**Activity:**
Transcribe only what runs from the line containing "American Dream Banner" through the final line below, exactly, and leave every picture out.

**Exercise materials:**

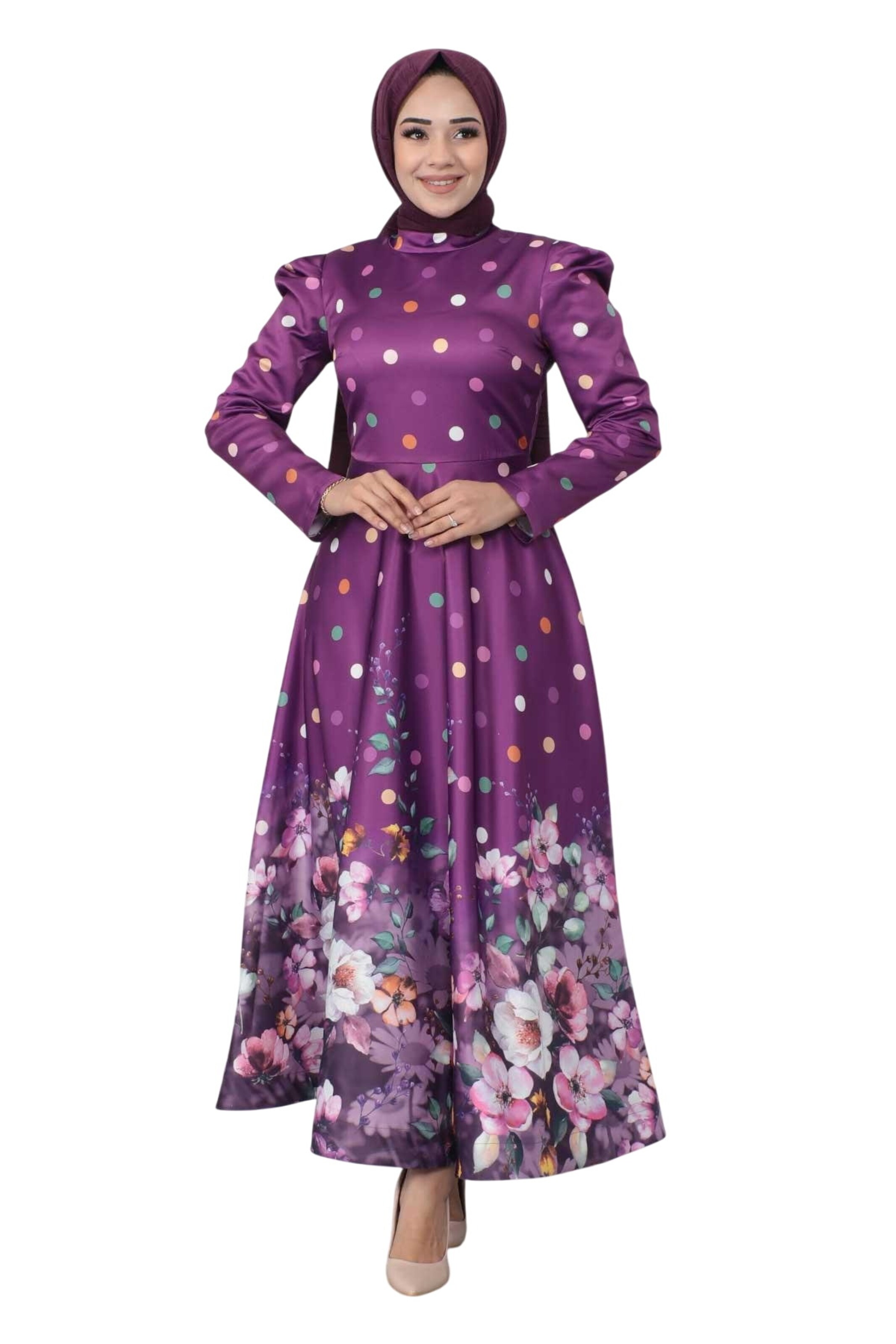 MODAMIHRAM Kleid in Lila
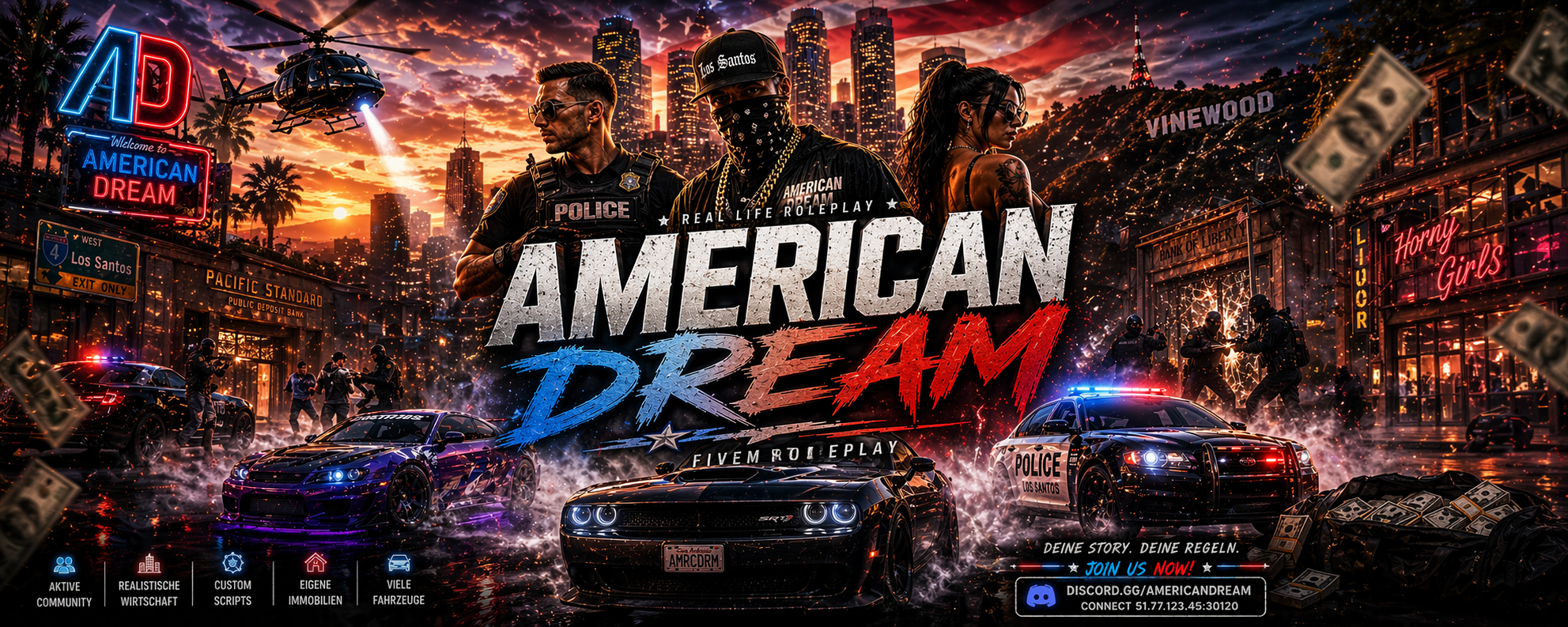 American Dream Banner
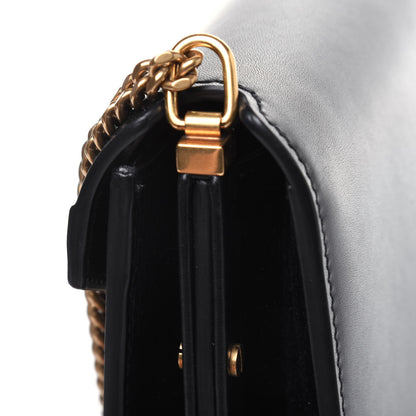 Saint Laurent Smooth Calfskin Monogram Cassandra Clasp Bag Black 13 of 15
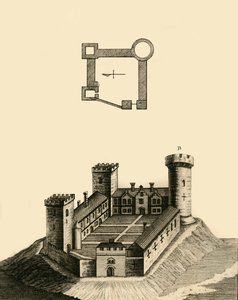Cambridge Castle, c1783. av Unbekannt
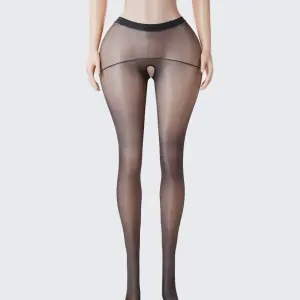 Perfumed See-Through Open-Crotch Pantyhose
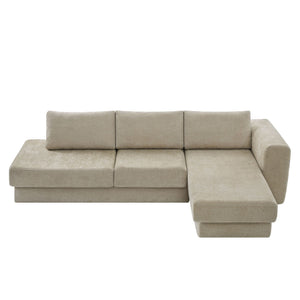 L-Shaped Modular Sofa With Double Layer Cushion
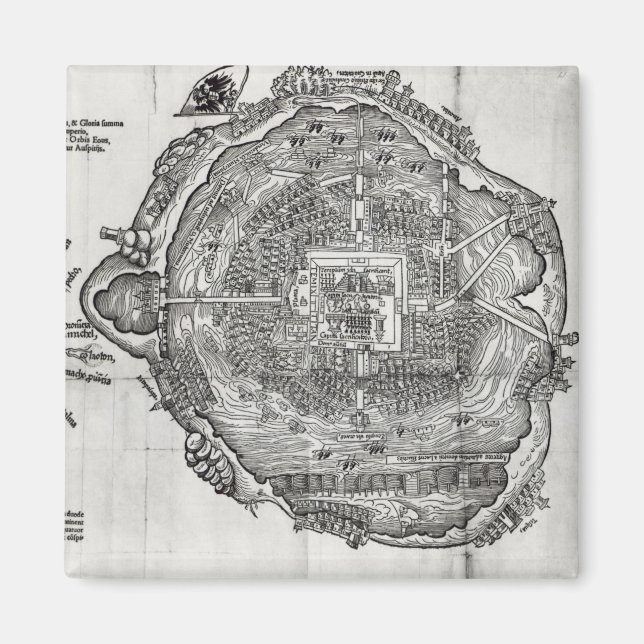 Map of Tenochtitlan Magnet (Front)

**Exercise output:**
 American Dream Banner
 Saint Laurent Smooth Calfskin Monogram Cassandra Clasp Bag Black 13 of 15
Cambridge Castle, c1783. av Unbekannt
 Perfumed See-Through Open-Crotch Pantyhose
 L-Shaped Modular Sofa With Double Layer Cushion
 Map of Tenochtitlan Magnet (Front)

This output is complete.